Live since 2016, the system has evolved to become more accurate and complex, using a sensor network, artificial intelligence and blockchain technology to provide a strong, technological underpinning for analyzing data on the ground and distributing critical alerts. Sentry now issues an average of 140 early warnings each day, giving citizens between seven and 10 minutes’ advance notice of potential dangers.
The data inputs for the warning system include individuals’ observations and reports, like sightings of overhead aircraft, and sensor modules placed in trees or on rooftops, which collect acoustic data for analysis. In addition to this, neural network systems trawl local social media for keywords that can provide further clues as to the timing and locations of possible attacks.
Until now, Sentry has used the Ethereum blockchain to provide a distributed and secure means of verifying and storing the metadata attached to these various data inputs, including their geotags and timestamps. Blockchain technology has, moreover, been an important tool for attempting to prove that input data has not been subsequently tampered with.

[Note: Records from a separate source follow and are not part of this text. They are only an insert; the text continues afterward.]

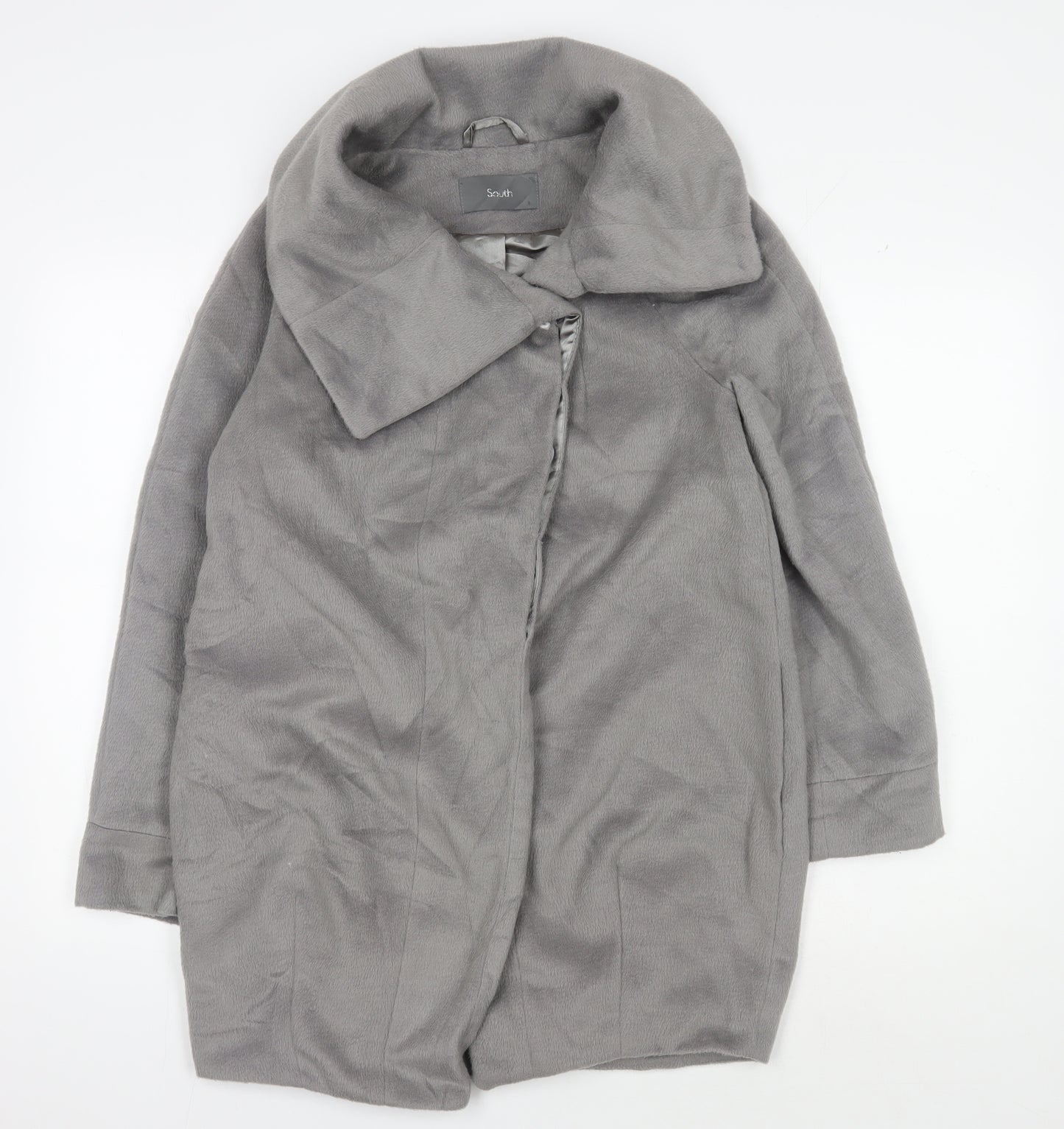 South Women's Grey Mid-Length Coat Size 10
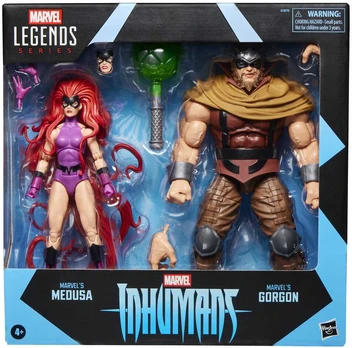 Hasbro Marvel Legends Series Inhumans Medusa & Gorgon pack 2 figures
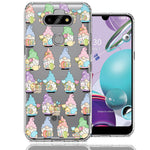 LG Aristo 5/Phoenix 5/Risio 4 Pastel Easter Cute Gnomes Spring Flowers Eggs Holiday Seasonal Double Layer Phone Case Cover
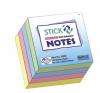 Stick notes cub color, 76 x 76 mm, 400 file, hopax - 4 culori pastel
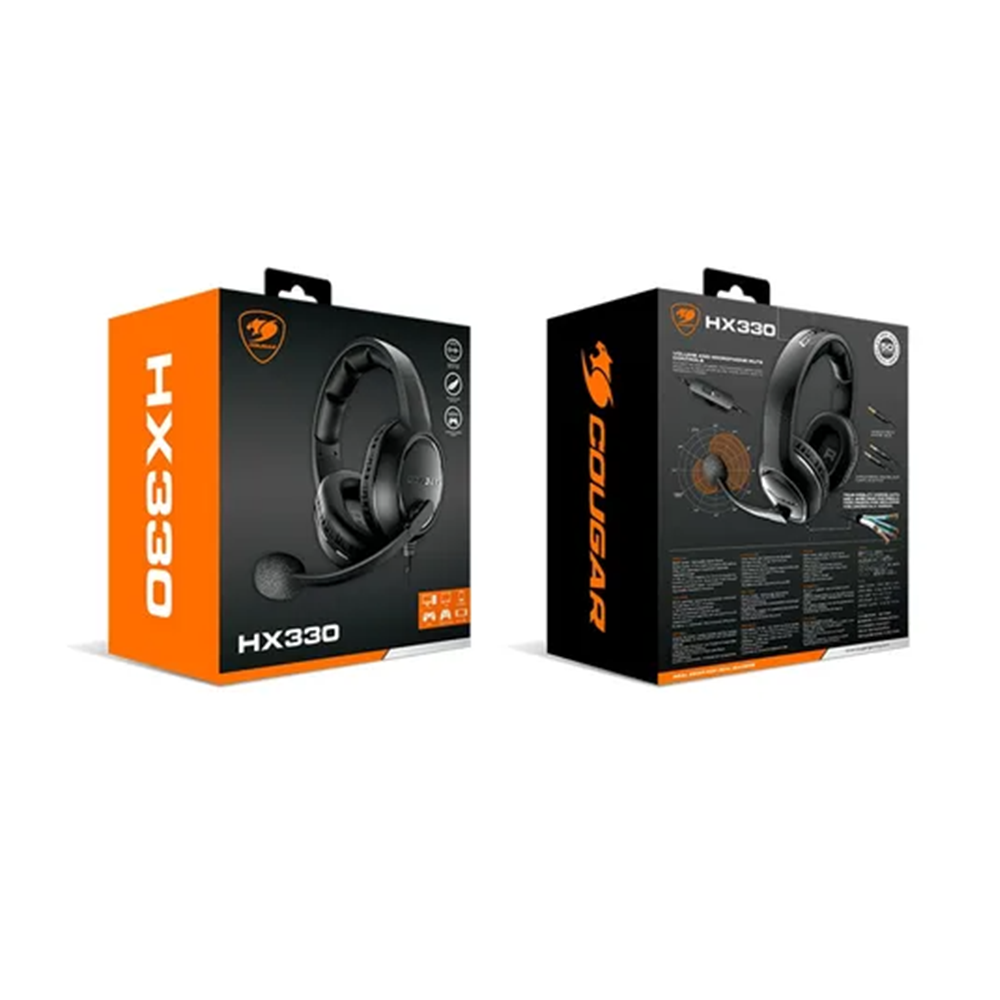 Audifonos Gamer 50mm Cougar HX330 Multiplataformas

This is particularly important given that the trove of data Hala Systems has gathered in real time on strikes and attacks could, in the future, be a significant source of evidence for organizations seeking justice to redress war crimes. As a private enterprise whose custody of the data could prove problematic in this regard, Hala Systems has therefore been working with decentralized technologies such as Ethereum (ETH) to ensure that the data can be provably tamper-resistant from a legal perspective.

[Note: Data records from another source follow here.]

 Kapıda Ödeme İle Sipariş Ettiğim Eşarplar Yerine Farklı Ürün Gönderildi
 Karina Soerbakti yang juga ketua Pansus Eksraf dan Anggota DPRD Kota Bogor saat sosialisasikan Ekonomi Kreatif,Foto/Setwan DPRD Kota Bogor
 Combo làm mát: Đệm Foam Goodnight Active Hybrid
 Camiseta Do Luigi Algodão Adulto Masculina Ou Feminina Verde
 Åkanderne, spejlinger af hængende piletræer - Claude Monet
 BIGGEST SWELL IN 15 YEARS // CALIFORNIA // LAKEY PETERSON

Speaking to Cointelegraph, a representative for Hedera Hashgraph said that Hala Systems has now chosen to discontinue its use of Ethereum in favor of the Hedera Consensus Service, having found the former to be insufficiently tamper-proof. They explained:
“Hala Systems […] found [Etherum’s] probabilistic (not definitive) consensus, smart contracts with highly variable fees, and slow confirmation times unsuitable for their use case.”

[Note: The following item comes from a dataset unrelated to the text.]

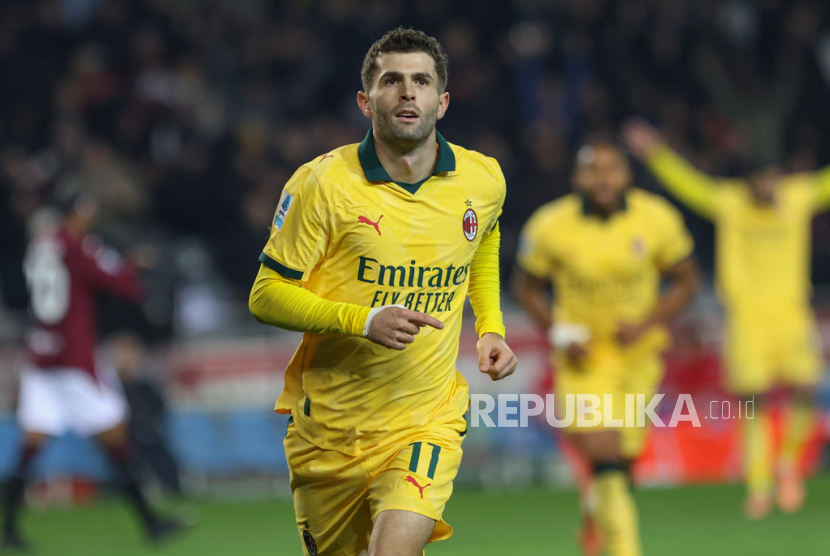 AC Milan Kembali ke Puncak Klasemen Serie A Berkat Dua Gol Christian Pulisic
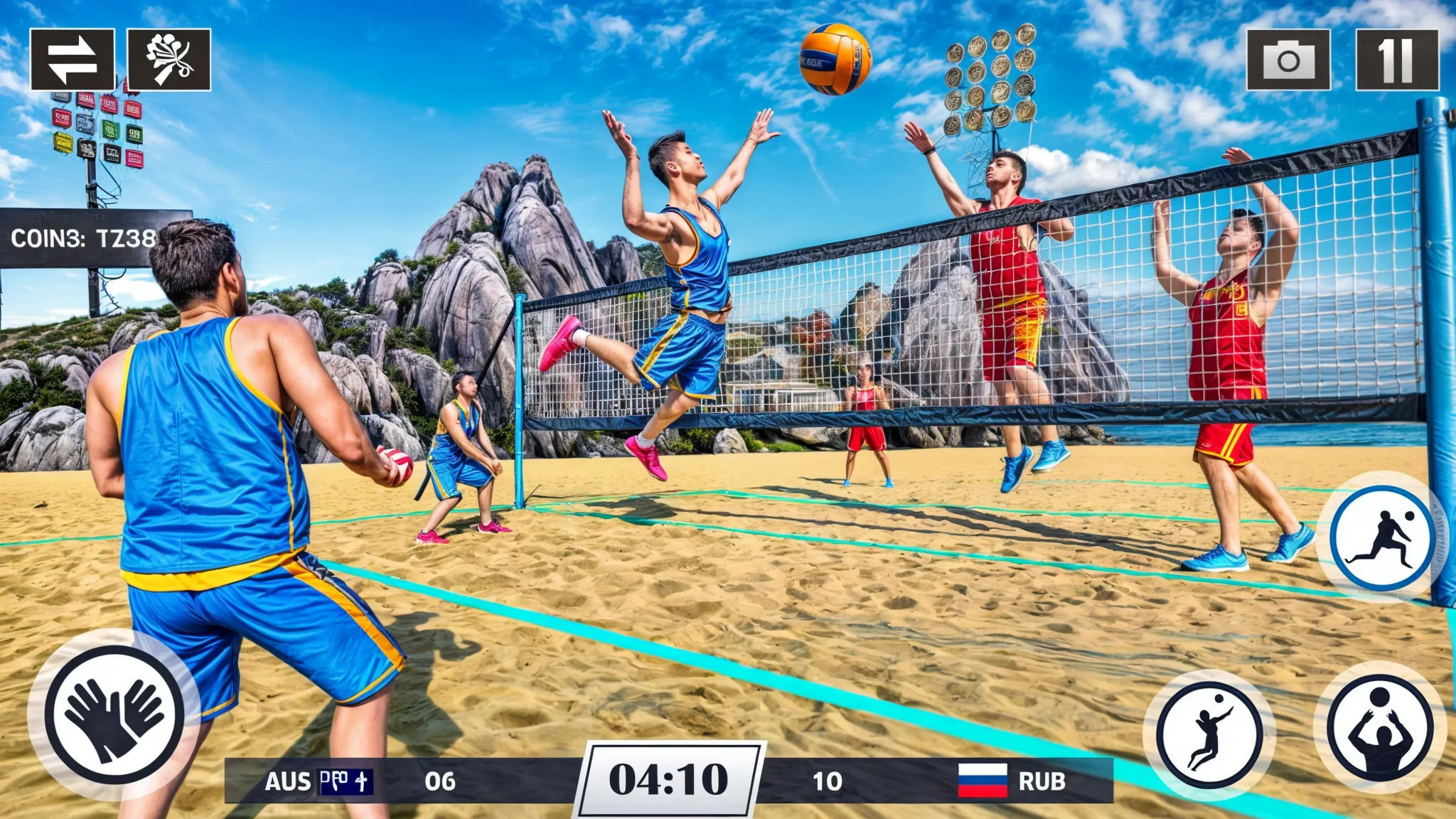 Volleyball Game 3D Sports Game | Indus Appstore | Screenshot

The Hedera Consensus Service, the company claims, provides a more efficient, immutable chain of custody for the data that is input to the system — providing evidence that can be trusted by third parties as to the who, where and what of an event.
“Hala Systems can provide real evidence and verification for exactly when and where media originated. Each event logged to the HCS is signed by the issuing camera’s keys and receives a consensus timestamp by the whole Hedera network.”
In addition to its technology partnership with Hedera Hashgraph, Hala Systems is also working with the United Nations, United Kingdom Foreign Commonwealth and Development Office, the United States State Department and other foreign ministries. In an analysis of numerous offensives in northwestern Syria since 2017, the use of the Sentry app was reportedly correlated with a “10–30% mean reduction in net casualty rates due to airstrikes.”
The Hedera platform is itself governed by a council of largely private partners, among them Boeing, Deutsche Telekom, Google, IBM and Nomura, as well as University College London.